Nostalgia is a hell of a thing, and a number of home video imprints have been recently reissuing some very unexpected titles on Blu-ray to capitalize on it. This is, for the most part, an almost unmitigated good: the more obscure, oddball films that are available in physical formats, the better. Predictably, not every one of these is going to be a forgotten gem. A film that someone saw last on cable in 1987, for example, may not quite hold up as well when viewed almost 30 years later. In this case, I’m speaking specifically about My Science Project.

Michael Harlan (John Stockwell) is on the verge of failing science, which will keep him from graduating. Science teacher Bob (Dennis Hopper) gives him one more chance: ace the final science project and Harlan passes the class. Desperate to impress Bob, Harlan breaks into a nearby retired air force base with nerdy Ellie (Danielle von Zerneck). There, he stumbles upon the long-forgotten engine from an alien craft that crash-landed in the 1950s. Harlan and his friend Vince Latello (Fisher Stevens) fire it up in the auto shop the next day and an Egyptian vase appears. They soon discover that the engine sucks electrical energy from whatever source is available, and the more power it gets the stronger space-time disruptions occur around it. After the police intervene when Harlan tries to stop the engine from getting energy from the town power plant, things spiral out of control and Ellie is trapped in the school. Can Harlan and Latello save her, or is she destined to be a dinosaur snack?

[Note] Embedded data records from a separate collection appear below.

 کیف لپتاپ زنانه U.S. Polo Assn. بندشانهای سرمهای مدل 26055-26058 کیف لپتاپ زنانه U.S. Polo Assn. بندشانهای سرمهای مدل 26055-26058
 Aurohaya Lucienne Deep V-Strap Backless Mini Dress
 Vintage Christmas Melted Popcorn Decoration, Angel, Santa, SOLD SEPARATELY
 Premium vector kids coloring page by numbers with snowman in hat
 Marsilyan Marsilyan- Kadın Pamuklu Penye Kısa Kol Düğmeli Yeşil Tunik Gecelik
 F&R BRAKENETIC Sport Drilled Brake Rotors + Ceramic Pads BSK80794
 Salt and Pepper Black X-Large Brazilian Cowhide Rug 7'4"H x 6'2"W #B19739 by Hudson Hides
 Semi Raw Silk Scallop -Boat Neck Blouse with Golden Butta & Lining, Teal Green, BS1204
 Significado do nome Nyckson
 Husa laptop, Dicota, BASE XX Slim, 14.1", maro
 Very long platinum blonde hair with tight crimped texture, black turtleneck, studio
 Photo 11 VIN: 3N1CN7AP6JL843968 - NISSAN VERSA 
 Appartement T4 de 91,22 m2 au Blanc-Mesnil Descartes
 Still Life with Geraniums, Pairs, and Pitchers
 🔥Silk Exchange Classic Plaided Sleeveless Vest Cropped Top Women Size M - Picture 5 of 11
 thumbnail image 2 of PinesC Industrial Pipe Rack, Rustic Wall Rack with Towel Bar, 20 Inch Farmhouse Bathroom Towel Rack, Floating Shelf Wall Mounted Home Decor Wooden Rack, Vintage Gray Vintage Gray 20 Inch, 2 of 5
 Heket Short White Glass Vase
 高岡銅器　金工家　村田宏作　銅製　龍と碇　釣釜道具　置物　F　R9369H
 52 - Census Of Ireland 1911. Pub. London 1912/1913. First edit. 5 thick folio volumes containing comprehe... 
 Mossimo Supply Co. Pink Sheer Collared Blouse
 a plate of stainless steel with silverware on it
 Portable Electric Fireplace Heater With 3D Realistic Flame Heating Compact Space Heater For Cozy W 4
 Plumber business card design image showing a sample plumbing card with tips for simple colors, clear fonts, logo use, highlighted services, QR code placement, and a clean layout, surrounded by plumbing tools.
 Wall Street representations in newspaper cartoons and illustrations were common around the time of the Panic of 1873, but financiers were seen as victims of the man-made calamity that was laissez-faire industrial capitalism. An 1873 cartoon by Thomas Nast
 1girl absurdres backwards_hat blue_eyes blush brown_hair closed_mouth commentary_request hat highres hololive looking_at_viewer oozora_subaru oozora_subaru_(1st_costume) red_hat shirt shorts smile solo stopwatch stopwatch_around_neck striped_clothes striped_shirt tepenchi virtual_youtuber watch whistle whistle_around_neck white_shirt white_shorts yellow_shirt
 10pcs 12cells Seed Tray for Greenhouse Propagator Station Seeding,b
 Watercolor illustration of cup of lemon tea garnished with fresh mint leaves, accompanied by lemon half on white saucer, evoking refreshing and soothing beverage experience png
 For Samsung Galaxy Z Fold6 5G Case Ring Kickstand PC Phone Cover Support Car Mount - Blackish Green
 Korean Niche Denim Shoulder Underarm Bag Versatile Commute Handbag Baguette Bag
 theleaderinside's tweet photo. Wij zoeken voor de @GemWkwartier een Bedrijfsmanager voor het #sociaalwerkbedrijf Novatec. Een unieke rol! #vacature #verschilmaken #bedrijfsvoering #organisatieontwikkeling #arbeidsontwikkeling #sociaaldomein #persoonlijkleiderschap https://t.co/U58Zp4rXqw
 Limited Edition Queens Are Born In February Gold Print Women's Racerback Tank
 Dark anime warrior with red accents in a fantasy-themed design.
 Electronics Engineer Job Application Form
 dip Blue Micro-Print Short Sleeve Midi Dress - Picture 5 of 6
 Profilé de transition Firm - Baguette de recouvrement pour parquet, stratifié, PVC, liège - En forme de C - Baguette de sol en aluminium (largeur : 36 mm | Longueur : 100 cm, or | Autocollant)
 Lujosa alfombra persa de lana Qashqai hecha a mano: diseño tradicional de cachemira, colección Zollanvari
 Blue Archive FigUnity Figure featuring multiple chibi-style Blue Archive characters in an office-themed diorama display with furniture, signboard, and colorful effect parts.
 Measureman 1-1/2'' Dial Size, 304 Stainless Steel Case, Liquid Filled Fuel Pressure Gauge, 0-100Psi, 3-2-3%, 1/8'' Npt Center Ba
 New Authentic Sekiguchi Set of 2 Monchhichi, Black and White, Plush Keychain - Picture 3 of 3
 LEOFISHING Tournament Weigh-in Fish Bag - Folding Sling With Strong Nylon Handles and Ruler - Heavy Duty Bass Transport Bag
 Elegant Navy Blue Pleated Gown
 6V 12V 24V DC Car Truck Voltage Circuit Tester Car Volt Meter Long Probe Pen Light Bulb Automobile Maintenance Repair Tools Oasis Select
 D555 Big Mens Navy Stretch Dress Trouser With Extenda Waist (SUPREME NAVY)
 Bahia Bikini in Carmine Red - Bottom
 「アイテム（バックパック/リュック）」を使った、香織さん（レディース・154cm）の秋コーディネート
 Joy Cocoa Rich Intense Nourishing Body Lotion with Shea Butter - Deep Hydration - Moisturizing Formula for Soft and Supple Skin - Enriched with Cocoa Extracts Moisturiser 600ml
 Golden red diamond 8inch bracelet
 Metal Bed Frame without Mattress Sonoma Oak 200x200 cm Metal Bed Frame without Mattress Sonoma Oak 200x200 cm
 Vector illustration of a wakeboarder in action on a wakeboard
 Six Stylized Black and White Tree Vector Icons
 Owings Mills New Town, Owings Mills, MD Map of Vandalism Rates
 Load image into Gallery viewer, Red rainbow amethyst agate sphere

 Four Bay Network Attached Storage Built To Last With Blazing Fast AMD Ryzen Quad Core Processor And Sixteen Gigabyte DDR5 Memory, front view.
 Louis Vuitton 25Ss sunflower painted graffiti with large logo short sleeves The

My Science Project was clearly made to capitalize on the 80s craze of sci-fi teen movies like The Last Starfighter (which was actually written by John Beutel, who wrote and directed this film) and Back to the Future. Looking back on it, the film plays like a cynical cash-in that crudely grafts parts from those films into one story. This would be more excusable if it wasn’t for the film’s lumbering pace–nothing really happens with the alien machine until nearly 50 of the film’s 95 minutes have passed. That’s an awful lot of setup for the film’s finale, which does include some impressively odd imagery and one genuinely impressive dinosaur effect. Unfortunately, it’s a serious case of too little too late, especially when the wide array of characters who are introduced throughout the movie barely have any impact on the plot and all but three disappear by the final act.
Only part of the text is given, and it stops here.